We Unitarian Universalists pride ourselves on our diversity. In our fellowship you’ll find Atheists, Agnostics, Christians, Jews, Buddhists, Goddess worshipers, and more, all trying to learn from each other and spiritually grow together. It’s truly refreshing, isn’t it?
But we’re not perfect.
Something we’ve struggled with for many years, and which we’re often embarrassed to ask out loud, is “With all our openness to all kinds of points-of-view, why are we still a majority-white movement?”
Now, granted, the Upper Cape is a majority-white part of Massachusetts; and yet, do we as a fellowship reflect the rich cultural diversity the Cape nonetheless enjoys? And if not, why not?
The first thing we can do is recognize the ugly reality of white supremacy culture.
“White supremacy culture” is not a reference to overt white supremacists like the KKK or Neo-Nazis; the key term here is “culture.” Do we who are white understand that we have a culture? That there are unspoken norms and ways of being and doing that we take for granted as normal, but which are in fact “white”? That doesn’t make them necessarily all bad, but they do, nonetheless, exist. They are real and have real consequences.
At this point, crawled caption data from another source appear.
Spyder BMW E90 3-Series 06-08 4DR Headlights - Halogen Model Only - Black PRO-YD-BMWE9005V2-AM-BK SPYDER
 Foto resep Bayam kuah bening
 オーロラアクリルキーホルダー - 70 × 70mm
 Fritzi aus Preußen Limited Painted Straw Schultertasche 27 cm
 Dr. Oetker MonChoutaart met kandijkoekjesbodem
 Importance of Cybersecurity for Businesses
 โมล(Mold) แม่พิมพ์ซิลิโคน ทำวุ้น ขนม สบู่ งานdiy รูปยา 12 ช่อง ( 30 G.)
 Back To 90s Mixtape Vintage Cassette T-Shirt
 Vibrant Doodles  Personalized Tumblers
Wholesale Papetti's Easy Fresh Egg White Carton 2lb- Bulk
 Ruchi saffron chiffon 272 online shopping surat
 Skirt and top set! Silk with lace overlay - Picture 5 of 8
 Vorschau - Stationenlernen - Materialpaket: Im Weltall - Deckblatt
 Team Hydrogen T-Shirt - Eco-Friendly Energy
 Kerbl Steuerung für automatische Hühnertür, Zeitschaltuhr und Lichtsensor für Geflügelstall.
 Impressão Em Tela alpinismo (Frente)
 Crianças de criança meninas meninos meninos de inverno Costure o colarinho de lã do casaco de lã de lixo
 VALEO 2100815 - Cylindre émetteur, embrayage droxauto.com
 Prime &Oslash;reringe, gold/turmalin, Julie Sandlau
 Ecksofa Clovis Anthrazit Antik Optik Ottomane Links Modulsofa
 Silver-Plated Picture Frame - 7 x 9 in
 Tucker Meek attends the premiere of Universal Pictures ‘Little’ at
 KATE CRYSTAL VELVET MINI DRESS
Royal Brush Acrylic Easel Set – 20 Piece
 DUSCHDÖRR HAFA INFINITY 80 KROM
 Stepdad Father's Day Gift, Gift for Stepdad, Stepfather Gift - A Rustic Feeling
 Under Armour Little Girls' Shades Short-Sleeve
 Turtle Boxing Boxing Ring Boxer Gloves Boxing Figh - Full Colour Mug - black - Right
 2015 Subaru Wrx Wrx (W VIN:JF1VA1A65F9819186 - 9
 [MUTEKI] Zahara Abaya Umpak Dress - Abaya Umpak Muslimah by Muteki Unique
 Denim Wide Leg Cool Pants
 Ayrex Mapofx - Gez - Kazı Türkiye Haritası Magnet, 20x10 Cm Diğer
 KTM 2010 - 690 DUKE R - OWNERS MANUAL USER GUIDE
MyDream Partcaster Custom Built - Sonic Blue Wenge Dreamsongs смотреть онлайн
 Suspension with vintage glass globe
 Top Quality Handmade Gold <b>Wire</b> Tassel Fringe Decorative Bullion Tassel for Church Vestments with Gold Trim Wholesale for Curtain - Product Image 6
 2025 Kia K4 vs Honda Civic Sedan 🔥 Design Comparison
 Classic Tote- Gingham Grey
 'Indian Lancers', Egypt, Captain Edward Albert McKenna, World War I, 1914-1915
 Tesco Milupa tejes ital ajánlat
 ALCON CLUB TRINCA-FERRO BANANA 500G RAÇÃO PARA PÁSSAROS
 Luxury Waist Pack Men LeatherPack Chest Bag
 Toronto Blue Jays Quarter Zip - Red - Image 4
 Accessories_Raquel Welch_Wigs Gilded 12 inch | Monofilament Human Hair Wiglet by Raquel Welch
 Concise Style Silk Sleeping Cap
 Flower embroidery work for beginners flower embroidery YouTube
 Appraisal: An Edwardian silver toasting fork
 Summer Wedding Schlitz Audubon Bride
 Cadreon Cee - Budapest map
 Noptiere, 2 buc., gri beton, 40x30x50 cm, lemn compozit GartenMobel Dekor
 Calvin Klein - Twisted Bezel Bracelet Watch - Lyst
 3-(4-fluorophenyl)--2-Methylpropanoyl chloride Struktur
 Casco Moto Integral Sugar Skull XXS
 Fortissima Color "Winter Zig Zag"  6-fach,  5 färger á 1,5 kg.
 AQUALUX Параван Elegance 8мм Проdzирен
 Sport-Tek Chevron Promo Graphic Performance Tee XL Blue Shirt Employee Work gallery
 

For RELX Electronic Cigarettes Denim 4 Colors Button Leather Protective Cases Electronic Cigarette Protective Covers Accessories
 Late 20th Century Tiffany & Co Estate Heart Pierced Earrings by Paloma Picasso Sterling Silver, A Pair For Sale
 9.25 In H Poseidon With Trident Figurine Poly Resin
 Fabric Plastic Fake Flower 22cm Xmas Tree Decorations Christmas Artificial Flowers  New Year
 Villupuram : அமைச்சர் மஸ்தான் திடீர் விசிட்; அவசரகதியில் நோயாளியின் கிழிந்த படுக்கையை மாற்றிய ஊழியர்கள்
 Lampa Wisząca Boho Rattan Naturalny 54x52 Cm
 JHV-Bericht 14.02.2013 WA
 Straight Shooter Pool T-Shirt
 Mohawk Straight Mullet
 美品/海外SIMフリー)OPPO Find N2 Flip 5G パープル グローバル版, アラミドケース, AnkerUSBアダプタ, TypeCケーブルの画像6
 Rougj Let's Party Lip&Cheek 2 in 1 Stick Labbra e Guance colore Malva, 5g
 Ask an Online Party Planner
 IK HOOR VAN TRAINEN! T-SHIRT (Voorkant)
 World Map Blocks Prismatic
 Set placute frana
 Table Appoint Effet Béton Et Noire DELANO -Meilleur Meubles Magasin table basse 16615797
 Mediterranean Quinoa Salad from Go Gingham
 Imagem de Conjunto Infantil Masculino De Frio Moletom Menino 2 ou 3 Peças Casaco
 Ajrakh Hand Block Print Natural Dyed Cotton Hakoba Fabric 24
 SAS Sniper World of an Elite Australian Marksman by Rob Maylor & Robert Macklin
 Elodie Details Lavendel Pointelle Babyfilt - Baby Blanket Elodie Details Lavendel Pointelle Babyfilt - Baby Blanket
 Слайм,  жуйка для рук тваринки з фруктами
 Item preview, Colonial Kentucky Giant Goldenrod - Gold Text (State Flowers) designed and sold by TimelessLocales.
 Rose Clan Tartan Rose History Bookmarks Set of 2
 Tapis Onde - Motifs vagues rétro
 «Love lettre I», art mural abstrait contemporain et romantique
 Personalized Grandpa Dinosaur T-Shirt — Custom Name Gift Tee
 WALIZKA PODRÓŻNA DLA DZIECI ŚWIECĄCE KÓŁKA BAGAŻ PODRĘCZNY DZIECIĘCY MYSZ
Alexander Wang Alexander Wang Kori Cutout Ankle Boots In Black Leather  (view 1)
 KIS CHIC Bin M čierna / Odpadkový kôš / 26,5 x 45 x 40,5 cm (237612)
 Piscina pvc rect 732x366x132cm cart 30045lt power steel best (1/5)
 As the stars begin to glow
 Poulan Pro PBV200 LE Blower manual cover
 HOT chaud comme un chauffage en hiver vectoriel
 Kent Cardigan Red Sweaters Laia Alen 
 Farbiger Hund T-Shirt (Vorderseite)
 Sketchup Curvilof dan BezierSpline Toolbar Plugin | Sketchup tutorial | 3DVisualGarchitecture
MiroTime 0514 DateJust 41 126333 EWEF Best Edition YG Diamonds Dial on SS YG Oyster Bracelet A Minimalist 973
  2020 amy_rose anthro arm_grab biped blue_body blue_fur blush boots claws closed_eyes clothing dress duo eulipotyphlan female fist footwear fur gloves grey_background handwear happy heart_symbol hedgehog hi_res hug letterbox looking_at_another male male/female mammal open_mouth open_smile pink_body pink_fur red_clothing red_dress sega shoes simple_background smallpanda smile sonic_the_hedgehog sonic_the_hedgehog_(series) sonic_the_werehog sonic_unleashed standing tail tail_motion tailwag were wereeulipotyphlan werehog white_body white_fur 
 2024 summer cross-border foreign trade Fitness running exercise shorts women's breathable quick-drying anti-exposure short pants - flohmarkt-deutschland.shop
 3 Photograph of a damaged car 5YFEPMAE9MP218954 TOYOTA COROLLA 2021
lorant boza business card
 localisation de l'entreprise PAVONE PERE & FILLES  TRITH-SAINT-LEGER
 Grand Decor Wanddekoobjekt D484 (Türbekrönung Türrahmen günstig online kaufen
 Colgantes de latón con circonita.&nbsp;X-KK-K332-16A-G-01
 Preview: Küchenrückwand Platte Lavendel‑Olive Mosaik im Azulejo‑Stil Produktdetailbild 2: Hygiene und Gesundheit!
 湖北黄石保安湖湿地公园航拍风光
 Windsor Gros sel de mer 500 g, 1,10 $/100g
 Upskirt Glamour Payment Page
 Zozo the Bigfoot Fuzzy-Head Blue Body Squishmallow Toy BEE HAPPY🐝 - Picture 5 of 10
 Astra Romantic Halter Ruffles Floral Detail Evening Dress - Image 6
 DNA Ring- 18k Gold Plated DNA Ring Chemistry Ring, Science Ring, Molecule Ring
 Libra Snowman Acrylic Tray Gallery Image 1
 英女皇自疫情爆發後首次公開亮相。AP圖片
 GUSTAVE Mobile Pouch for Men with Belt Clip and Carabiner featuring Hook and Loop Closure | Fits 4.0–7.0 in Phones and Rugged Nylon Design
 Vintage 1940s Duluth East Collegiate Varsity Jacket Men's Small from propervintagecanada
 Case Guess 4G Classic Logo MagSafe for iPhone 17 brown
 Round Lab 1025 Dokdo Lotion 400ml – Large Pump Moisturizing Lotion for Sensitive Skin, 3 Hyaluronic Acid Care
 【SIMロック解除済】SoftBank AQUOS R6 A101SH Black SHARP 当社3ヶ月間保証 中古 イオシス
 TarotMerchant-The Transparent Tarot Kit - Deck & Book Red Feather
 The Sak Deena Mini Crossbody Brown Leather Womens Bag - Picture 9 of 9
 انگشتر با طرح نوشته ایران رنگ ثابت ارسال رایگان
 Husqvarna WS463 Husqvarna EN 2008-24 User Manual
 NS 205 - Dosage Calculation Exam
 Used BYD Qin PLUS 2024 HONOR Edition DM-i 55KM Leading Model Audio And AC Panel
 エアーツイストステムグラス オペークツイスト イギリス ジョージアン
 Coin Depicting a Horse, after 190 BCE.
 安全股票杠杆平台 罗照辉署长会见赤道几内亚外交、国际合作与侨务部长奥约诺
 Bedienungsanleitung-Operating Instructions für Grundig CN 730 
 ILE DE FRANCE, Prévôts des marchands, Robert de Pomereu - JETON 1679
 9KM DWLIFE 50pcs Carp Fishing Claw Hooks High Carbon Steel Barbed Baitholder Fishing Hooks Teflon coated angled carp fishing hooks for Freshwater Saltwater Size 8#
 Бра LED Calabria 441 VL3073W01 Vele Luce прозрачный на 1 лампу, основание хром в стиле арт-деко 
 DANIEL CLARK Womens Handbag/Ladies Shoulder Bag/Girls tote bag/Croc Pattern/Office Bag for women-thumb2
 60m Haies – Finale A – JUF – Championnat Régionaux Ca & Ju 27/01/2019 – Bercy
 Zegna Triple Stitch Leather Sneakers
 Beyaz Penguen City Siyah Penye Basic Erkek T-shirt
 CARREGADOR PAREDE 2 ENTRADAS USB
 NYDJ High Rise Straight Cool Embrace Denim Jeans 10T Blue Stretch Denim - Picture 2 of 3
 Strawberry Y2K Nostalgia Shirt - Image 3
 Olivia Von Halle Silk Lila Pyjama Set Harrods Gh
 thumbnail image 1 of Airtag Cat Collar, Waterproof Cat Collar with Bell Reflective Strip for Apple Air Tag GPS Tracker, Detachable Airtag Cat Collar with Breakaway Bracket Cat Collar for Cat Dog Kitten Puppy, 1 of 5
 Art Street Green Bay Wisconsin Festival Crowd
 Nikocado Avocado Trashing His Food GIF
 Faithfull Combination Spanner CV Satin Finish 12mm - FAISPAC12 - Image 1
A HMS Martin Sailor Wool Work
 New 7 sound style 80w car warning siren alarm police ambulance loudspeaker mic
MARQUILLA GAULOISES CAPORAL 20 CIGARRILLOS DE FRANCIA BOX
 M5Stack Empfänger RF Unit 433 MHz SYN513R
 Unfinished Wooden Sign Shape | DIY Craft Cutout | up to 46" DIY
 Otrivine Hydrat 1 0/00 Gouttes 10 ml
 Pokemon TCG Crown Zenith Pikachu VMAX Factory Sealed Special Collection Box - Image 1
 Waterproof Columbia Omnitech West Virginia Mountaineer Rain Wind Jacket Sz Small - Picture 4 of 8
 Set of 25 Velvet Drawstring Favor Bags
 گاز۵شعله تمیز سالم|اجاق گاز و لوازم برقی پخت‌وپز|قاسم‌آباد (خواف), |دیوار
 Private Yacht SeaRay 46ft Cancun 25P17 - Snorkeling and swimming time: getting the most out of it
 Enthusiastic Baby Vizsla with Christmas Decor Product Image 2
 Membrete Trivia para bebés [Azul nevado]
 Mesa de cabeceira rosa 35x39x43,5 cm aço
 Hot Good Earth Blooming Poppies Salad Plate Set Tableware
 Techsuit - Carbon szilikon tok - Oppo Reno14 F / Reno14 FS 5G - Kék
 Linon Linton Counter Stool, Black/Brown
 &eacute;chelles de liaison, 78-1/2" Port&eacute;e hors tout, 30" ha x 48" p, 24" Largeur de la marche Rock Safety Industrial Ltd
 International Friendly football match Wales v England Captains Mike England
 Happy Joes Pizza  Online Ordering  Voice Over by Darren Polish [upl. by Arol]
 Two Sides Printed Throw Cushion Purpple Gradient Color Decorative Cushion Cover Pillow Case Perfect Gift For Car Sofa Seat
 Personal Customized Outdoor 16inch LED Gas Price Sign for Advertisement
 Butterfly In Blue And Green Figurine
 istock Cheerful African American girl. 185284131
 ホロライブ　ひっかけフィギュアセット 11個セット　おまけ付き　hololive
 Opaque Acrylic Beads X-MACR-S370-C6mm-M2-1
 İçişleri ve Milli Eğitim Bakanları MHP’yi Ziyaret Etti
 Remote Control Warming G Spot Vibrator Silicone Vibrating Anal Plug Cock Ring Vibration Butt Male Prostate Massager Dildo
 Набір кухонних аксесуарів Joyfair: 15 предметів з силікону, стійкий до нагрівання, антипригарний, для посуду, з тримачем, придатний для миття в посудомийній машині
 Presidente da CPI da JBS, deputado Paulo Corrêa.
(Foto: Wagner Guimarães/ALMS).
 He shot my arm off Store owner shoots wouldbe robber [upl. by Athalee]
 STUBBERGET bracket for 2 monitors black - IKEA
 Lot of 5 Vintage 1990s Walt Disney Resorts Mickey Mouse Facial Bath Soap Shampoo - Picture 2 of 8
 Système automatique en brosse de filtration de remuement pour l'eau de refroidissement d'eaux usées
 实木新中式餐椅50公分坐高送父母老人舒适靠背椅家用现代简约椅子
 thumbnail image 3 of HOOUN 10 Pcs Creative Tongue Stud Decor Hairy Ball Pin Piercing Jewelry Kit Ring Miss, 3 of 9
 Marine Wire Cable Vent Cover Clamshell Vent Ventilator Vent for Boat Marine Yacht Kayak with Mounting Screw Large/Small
The phrase “white supremacy culture” refers to how these white cultural norms keep white people in power and silence people of color. “White supremacy culture” can be at work even if all the given white folk in the institution want to be racially inclusive and diverse.
We who are white have to choose, consciously and deliberately, to refuse to be complicit in white supremacy culture. One way to start is by truly listening to people of color in our community. Just listen. As a relative new comer to the Cape I have learned so much by listening to African-American, Cape Verdean, Jewish, and Wampanoag persons I’ve met through groups like the Falmouth Racial Justice League and No Place For Hate. As one African-American resident of Falmouth told me, “This happy-go-lucky beach town is like a house with a shiny coat of white paint; it’s beautiful and nice but chip beneath the surface and you’ll find so much rot.”
We have a lot of work to do. Thankfully, there are many opportunities coming up to get started.
*On March 28th at 7:00 pm we’ll be showing “Journeys Into the Light: Untold Stories of Cape Cod.” This film tells the history of people of color on the Cape. Come and learn the true cultural complexity and diversity of this land we live on.
*On April 8th our Sunday service will feature music, readings, and reflections entirely by people of color, with a focus on Unitarian Universalists of color. Our faith may be majority-white but there are many persons of color among us. Their story is our story.
My fellow white persons:
Will you join me in refusing to be complicit with white supremacy culture?
Will you join me in doing what we can to build the diverse, multicultural Beloved Community we long for? Let’s get to work.